Maintaining the assessment over time

Blast radius classification is not a one-time setup. The assessment degrades as the organization changes. Executives join and leave. Service accounts are created for new integrations. Administrative roles are assigned for project work and never revoked. A watchlist that was accurate six months ago may have significant gaps today.
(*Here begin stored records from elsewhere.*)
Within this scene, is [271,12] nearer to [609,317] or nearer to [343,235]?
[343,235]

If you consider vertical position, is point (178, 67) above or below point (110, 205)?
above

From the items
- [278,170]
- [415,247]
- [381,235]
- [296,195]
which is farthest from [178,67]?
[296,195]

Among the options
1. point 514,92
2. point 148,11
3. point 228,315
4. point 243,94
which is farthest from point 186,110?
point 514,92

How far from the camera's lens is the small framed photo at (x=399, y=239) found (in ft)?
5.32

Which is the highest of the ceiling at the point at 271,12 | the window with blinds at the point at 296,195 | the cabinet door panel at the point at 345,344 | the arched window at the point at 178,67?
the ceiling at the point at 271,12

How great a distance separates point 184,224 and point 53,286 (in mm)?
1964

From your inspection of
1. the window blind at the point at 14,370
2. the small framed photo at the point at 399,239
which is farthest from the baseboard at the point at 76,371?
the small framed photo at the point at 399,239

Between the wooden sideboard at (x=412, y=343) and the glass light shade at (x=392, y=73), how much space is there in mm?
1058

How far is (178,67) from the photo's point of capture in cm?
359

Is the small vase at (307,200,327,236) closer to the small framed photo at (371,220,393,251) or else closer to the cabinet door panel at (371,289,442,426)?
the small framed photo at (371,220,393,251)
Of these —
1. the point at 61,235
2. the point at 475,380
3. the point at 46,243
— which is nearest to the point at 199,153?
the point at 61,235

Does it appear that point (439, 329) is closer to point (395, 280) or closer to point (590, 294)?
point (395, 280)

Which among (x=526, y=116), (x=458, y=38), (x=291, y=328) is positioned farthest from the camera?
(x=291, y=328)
Build a quarterly review cycle into the automation governance framework (SA0.9 covers this in detail). Each quarter, reconcile the VIP watchlist against the current executive roster and board membership. Reconcile the service account watchlist against active service principals in Entra ID (a Graph API query against /servicePrincipals returns the full inventory). Reconcile the admin role check against current directory role assignments. Any gap between the watchlists and reality is a gap in the blast radius assessment, which means automated containment is operating on incomplete data.

Automated drift detection helps. A scheduled analytics rule that compares the VIP watchlist against a daily export of users with executive-level job titles, or that compares the service account watchlist against active service principals, can generate a low-severity alert when discrepancies appear. Treat these alerts as hygiene tasks, not security incidents, but do not defer them. An unregistered VIP is one false positive away from an automated disruption.

The most common drift patterns are predictable. New executive hires that bypass the VIP onboarding process because HR does not notify the SOC. Service accounts created by IT for new SaaS integrations without updating the registry. Temporary administrative role assignments for project work that become permanent because nobody revokes them. Each pattern has a specific detection: new users with executive-level job titles not in the VIP watchlist, new service principals in Entra ID not in the service account watchlist, directory role assignments older than 30 days that were flagged as temporary. Building these detections into your automation hygiene ruleset ensures the blast radius assessment stays accurate as the organization evolves.

You should also document the classification criteria explicitly. A written policy that defines who qualifies for Category 3 (VIP) prevents debates during incident response. "All users with the job title VP or above, all board members, and all users on the executive assistant delegation list" is clear. "Important people" is not. The policy goes into the automation governance framework alongside the confidence thresholds and the watchlist maintenance schedule.